The comment made by Elyakim Levanon, the rabbi of the West Bank settlement of Elon Moreh, came after earlier this week, 19 reserve major generals sent a letter to Defense Minister Ehud Barak and IDF Chief of Staff Benny Gantz, imploring them not to allow harm to come to women's service in the army as a result of religious soldiers' demands.
The reserve officers indicated that their appeal comes in response to a series of recent events, including the boycotting of military ceremonies by religious cadets due to women singing.
The petitioners warned in their letter about harm caused to the motivation of women to serve in the army, as well as to what they termed damage to "the fundamental values of Israeli society."
However, in a radio interview on Thursday, Rabbi Levanon criticized a possible ruling that would forbid religious soldiers from leaving events over women's singing, saying that IDF soldier should choose death before complying with such an order.
"[The IDF] is bringing close the day in which rabbis will have to say to soldiers 'you have to leave those events even if there's a firing squad outside, and you'll be shot to death," Levanin said.
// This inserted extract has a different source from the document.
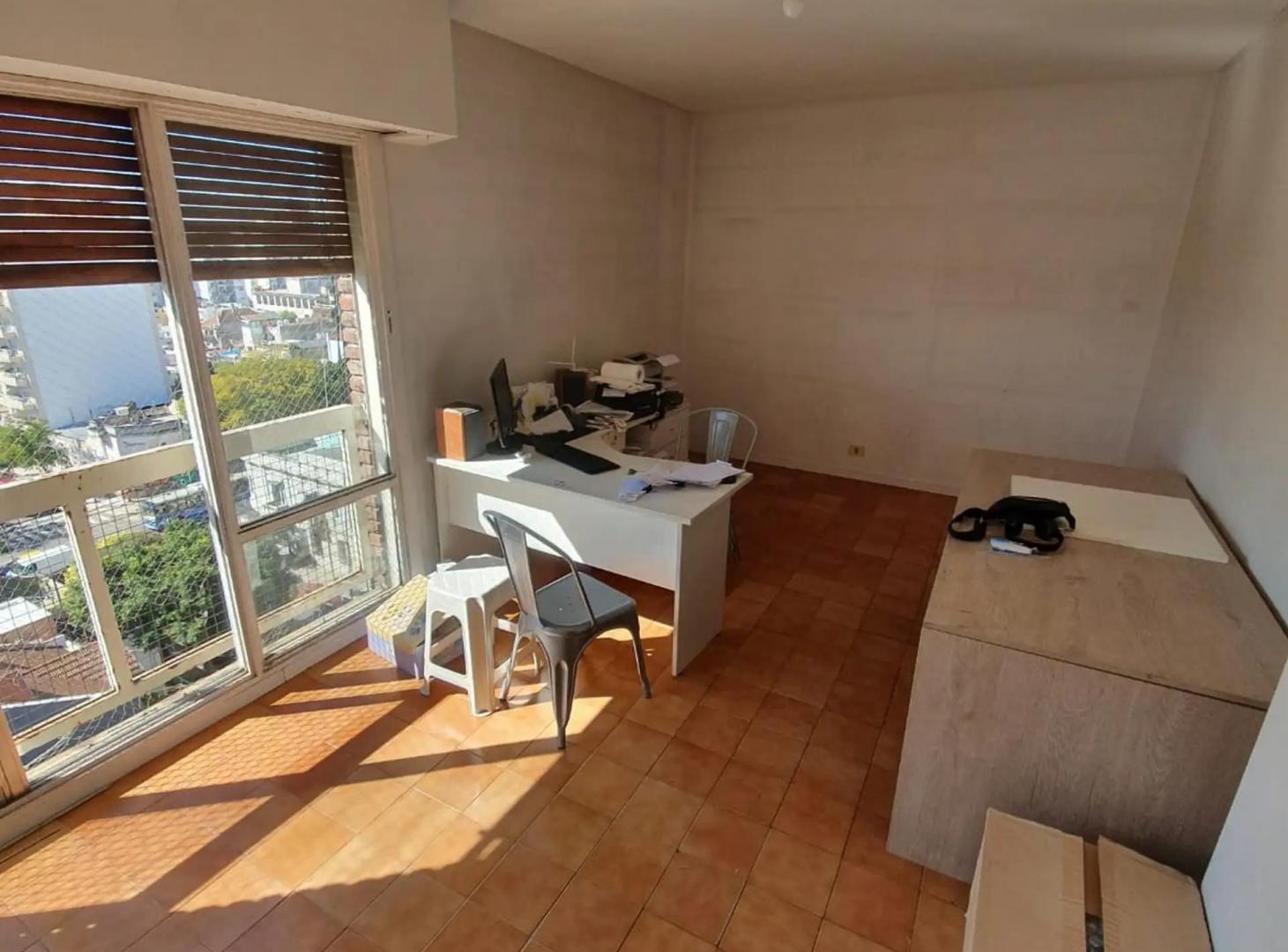 DOS AMBIENTES CON BALCON Y COCHERA CUBIERTA - CONTRAFRENTE - MUY LUMINOSO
The Elon Moreh rabbi said he hoped that there will be "some wise people who will thwart this horrible move, and if not we'll have no other choice," adding that he would "recommend anyone who asked me against joining the army."
Women's singing has been but one example of rising tensions between IDF top brass and religious leaders, after last month, following orders from IDF rabbis, female soldiers were asked to leave the central event and had to celebrate in a separate area during the traditional dancing that marks the end of the Simhat Torah holiday.